Modelling the Circulation and Melt/Freeze Pattern Under an Ice Shelf

Supervisor

John Hunter

Project Outline

The project would involve modelling the circulation under one or more of the Antarctic ice shelves. These ice shelves are in an approximate mass balance involving the supply of ice from glaciers, snowfall and ablation on the upper surface, melting and re-freezing at the ice/ocean interface and calving of icebergs. Of these, melting and re-freezing at the ice/ocean interface is a substantial contribution (it is comparable with iceberg calving for the Amery Ice Shelf in eastern Antarctica).

Since the 1999/2000 summer season, the Amery Ice Shelf Ocean Research (AMISOR) project have made both glaciological and oceanographic measurements of the Amery Ice Shelf, the underlying ocean cavity and adjacent Prydz Bay. The oceanographic observations of the cavity have been made possible by hot water drilling through the ice shelf from the surface. A hydrodynamic ocean model has also been developed (based on the Princeton Ocean Model) to simulate the cavity and the waters of Prydz Bay.
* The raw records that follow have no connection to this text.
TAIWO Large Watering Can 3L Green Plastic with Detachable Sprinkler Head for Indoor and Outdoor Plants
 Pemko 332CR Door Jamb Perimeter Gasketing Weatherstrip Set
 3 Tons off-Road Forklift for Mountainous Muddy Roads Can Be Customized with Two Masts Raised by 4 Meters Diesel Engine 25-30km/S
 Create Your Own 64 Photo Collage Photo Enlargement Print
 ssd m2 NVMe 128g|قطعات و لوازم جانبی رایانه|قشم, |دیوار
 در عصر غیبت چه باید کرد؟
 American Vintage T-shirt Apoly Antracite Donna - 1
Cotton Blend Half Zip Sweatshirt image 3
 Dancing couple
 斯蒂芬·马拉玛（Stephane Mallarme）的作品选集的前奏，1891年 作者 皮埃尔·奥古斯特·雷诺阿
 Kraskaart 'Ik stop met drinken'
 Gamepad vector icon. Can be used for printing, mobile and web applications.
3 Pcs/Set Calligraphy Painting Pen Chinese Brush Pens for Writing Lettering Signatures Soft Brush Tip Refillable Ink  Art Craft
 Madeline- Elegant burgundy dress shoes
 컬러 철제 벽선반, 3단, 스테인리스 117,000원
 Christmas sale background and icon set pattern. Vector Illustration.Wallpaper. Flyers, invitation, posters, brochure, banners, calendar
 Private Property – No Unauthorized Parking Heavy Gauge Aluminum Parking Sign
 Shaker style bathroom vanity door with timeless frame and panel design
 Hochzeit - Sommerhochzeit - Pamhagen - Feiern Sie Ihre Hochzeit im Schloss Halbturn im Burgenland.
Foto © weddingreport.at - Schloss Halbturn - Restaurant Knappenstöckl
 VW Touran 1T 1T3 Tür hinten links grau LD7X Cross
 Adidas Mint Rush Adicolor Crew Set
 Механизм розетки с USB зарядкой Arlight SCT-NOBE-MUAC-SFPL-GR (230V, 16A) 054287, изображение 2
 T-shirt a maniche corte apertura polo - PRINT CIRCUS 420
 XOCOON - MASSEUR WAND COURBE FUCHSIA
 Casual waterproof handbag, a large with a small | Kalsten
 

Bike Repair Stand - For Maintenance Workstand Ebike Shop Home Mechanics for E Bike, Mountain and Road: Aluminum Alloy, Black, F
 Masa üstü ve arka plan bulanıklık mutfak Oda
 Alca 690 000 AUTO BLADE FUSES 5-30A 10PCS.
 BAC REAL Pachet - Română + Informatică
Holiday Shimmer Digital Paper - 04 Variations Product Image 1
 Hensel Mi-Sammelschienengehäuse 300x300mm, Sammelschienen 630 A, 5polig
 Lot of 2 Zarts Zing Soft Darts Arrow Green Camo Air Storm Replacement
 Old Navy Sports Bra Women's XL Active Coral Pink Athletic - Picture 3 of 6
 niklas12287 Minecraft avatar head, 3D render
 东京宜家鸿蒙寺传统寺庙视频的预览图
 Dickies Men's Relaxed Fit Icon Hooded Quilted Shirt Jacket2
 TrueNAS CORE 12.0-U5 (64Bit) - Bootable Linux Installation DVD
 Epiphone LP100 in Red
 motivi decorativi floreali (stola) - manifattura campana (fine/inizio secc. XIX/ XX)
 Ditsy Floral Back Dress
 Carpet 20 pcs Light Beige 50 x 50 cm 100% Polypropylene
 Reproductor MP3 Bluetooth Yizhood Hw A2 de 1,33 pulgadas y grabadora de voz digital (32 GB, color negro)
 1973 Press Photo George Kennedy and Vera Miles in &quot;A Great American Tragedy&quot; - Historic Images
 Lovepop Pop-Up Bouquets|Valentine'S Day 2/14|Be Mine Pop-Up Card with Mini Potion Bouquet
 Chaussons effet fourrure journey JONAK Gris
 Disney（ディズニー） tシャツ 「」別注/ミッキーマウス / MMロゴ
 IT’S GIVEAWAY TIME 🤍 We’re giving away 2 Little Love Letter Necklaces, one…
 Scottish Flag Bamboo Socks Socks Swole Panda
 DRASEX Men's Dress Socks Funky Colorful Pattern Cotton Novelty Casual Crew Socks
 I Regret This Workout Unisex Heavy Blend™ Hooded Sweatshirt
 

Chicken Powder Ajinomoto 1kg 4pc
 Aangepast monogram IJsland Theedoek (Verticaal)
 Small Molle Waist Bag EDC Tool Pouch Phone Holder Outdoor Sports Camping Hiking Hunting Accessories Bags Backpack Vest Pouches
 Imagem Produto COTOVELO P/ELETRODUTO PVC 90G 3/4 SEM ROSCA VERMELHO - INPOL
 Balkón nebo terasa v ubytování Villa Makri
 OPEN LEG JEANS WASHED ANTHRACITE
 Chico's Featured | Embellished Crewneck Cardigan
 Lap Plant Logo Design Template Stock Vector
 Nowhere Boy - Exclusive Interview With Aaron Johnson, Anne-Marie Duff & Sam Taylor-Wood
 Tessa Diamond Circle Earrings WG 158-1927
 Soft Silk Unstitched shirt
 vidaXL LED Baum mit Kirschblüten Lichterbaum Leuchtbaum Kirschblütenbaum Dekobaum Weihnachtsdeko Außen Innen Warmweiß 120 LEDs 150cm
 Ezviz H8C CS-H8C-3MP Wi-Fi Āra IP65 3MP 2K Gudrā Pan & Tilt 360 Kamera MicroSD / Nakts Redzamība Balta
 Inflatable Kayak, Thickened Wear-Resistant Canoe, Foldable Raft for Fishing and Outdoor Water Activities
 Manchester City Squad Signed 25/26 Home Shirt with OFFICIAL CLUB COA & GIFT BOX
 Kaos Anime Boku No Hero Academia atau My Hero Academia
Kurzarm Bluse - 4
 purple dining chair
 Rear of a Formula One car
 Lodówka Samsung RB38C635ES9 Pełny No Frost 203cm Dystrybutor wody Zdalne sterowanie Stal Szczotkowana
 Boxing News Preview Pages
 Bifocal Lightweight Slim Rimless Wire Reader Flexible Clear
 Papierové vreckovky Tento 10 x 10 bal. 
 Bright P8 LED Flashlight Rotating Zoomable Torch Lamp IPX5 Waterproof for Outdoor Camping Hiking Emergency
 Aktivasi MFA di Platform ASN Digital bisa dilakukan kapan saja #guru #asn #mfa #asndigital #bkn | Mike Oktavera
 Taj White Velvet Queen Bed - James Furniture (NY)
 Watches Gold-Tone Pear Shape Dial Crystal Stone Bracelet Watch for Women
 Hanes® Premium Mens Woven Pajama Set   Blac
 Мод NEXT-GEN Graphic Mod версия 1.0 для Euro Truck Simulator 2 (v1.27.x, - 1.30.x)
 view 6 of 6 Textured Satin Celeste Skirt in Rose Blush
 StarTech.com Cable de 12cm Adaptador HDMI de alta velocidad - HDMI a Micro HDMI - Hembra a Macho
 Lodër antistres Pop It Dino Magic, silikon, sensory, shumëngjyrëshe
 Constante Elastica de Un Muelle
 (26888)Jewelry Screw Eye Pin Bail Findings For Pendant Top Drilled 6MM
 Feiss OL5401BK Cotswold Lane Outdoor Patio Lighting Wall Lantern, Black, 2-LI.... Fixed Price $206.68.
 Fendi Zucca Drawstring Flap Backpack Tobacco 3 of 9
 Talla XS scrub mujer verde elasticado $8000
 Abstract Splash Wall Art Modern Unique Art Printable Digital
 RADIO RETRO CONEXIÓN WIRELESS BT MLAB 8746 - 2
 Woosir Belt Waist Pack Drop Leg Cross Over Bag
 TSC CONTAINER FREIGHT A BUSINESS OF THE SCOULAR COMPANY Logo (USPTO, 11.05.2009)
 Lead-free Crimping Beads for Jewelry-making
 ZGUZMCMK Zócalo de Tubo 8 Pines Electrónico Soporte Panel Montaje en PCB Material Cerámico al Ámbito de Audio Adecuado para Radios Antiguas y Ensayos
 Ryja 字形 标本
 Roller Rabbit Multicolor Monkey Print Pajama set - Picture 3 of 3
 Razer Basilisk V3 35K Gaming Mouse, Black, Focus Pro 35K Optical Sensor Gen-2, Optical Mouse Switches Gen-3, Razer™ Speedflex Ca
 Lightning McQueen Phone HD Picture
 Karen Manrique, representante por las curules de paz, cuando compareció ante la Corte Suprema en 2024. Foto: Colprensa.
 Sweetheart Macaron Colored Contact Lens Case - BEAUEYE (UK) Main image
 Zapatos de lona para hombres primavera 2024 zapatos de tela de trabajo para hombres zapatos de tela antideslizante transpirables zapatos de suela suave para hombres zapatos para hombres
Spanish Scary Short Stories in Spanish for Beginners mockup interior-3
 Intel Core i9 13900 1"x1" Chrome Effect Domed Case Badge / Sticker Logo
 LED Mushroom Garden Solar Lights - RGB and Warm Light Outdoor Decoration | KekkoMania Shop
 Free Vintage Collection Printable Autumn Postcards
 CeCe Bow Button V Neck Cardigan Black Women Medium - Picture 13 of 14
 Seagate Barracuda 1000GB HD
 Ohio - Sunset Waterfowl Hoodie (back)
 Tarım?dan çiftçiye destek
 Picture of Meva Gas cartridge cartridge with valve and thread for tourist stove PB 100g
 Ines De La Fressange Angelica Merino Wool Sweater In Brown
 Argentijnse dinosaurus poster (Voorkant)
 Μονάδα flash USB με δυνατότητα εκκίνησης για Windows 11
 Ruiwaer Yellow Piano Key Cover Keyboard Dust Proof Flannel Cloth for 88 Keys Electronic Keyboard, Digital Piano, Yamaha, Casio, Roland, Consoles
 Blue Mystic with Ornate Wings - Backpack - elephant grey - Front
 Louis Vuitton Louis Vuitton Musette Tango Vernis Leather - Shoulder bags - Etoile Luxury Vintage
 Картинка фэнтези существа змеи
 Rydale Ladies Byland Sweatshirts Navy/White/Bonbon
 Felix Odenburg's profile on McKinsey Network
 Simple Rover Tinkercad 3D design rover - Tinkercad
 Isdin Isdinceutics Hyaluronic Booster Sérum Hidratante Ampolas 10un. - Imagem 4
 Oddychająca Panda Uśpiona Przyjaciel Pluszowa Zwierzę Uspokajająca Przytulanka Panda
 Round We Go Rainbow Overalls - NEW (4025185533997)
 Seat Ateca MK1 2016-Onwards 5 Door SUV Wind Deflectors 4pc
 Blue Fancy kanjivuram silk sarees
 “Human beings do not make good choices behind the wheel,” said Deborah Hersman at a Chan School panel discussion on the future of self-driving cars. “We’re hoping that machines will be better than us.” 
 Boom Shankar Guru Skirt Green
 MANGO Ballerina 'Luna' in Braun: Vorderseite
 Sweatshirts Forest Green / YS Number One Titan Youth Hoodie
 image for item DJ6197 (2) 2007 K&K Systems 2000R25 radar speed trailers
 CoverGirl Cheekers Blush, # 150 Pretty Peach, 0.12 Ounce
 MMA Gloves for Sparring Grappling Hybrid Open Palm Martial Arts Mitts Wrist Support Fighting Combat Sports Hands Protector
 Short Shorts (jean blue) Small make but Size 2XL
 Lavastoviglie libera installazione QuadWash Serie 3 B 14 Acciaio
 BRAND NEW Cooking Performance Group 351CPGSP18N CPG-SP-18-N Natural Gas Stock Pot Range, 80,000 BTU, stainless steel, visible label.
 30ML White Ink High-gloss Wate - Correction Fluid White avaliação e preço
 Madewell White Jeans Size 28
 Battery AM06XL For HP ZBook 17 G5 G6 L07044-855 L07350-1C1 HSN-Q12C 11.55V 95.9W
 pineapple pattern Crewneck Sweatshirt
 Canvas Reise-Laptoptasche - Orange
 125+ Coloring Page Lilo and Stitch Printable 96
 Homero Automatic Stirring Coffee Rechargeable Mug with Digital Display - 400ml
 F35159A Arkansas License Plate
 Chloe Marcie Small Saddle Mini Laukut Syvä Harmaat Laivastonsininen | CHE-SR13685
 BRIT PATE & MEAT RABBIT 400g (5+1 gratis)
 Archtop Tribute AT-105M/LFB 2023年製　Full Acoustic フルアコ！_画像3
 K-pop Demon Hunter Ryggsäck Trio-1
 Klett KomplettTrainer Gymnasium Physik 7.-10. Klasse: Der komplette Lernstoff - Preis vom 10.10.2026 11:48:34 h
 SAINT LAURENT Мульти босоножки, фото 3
A prime aim of this work is to investigate what may happen to such systems under conditions of global warming.

The candidate would extend the present hydrodynamic model in order to gain an improved understanding of, and agreement with, the comprehensive suite of observations that presently exist and which will be collected for several more years. Further validation may be obtained by continued participation in the Ice Shelf - Ocean Model Intercomparison Project (ISOMIP), by which this model is being compared with other models used internationally. After such validation, the model would be run for a range of future climate change scenarios. It is also planned that the ocean model will be coupled with a dynamic model of the ice shelf itself, so that the cavity geometry may react to changed rates of melting and re-freezing at the ice/water interface.

The candidate would also have the opportunity of participating in the summer observational program on the Amery Ice Shelf.